Lady Aly Shah was taken seriously ill in November, 1937. The Aga Khan III hurried to India by air and landed at Jodhpur, and after greeting His Highness Maharaja Umedsinhji, he left for Bombay by train. As doctor had anticipated, his presence acted as a tonic on Lady Ali Shah and she recovered from the serious illness. She left for Iraq in January, 1938. She proceeded to Baghdad via Karachi and Basra by S.S. Vasna which sailed from Bombay on January 27, 1938. She, realizing that her end was near, told to Kamadia Khan Bahadur: "Send my love to all the members of the Ismaili community. I may not return to India, but wherever my spirit be I will eternally watch their peaceful progress and prosperity, as I have done all my life." The Aga Khan III had made every arrangement for his mother's comfort at Baghdad, and for that reason, he took with him Kamadia Khan Bahadur's son, Hussain Ali, by air to Basra, where, under Aga Khan's instructions, he made all possible arrangements for a quiet landing. A saloon car was ready to convey Lady Ali Shah from Basra to Baghdad, where a bungalow, belonging to her nephew, Aga Hamid Khan, was placed at her disposal. She arrived at Baghdad on February 4, 1938 at 1 pm. True indeed it is, that the Aga Khan III's association with the West increased, causing his longer stay away from India. His mother had felt the pangs of this separation, and once she said to her son: "Death is inevitable, but if it comes to me in your absence, it will be unendurable." The Aga Khan's reply brought her great solace, who said: "Do not worry. You will breathe your last with your head in my lap." Consequently, the Aga Khan III and his wife reached Baghdad by air from Cairo on February 5, 1938 at 3 pm., and Lady Ali Shah passed away at 5.15 pm on the same day, breathing her last in the lap of her son. She was buried on the evening of February 6, 1938 at Najaf next to the tomb of her husband as per her will in presence of thousands of people. Her death occasioned deep grief not only among the Muslims, but in all other communities in India among whom she was very popular. Reference to her death was made at the meeting of Bombay Municipal Corporation on Monday, the February 7, 1938 and as a mark of respect to her memory, the House adjourned without transacting any business.

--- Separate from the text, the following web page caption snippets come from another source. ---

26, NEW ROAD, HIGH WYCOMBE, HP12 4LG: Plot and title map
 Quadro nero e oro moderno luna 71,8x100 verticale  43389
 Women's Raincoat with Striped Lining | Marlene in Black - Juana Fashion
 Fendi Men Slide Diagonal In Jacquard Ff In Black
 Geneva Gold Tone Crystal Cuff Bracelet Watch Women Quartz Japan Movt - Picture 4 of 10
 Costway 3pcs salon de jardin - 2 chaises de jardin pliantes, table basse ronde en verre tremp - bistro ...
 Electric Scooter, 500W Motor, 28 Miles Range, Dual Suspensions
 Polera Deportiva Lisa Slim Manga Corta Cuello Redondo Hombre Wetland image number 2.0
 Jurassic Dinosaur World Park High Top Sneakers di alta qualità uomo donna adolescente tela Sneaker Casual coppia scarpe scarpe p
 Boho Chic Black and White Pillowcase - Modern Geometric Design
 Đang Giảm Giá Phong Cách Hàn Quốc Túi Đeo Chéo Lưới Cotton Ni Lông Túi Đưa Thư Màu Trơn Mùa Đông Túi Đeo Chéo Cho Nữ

In the course of an intimate sketch of her life, the "Daily Mail" of London published the following description of her, only a few days before her death.
"For all her burden of years, she is still one of the most vital personalities in India; clear thinking, forth-right, imperious - a strict warden of the past, who sees little that is worthy or desirable in the fruits of the present."
"I do not mingle with the world of today, but I am not ignorant of it," she has often said.
"Her physical vitality has been as remarkable as her strength of mind. In her home she wears always the silken trousers and soft draperies such as the women of Persia wore centuries ago. And although that home is a palace famed for its splendour, her way of life has been as simple as that of the humblest of the Prophet's followers. Her fare is frugal, her drink water. She fasts."
The Aga Khan III was deeply affected by the death of his dear mother. "In this difficult and saddest moment of my life", wrote the Aga Khan to a friend, "the consolation I have is that the sadness and sorrow is tempered by the fact that she lived to be, at least 90 years of age. She had a large and happy family and very happy grand-children whom she always wanted. She died where she wanted to die. She had the satisfaction of seeing her grand- children happy and prosperous in day when prosperity is getting rare. But all this does not reconcile me to losing her. She had been to me more than father and mother combined, since I lost my father at the age of 8. No loss, not even that of my son who died in infancy which was a terrible blow to me as a father, has been quite so terrible as this." Such was the deep affection between the Aga Khan and his mother. To mark his devotion, he had heretofore dedicated his book "India in Transition" to his beloved mother in 1918.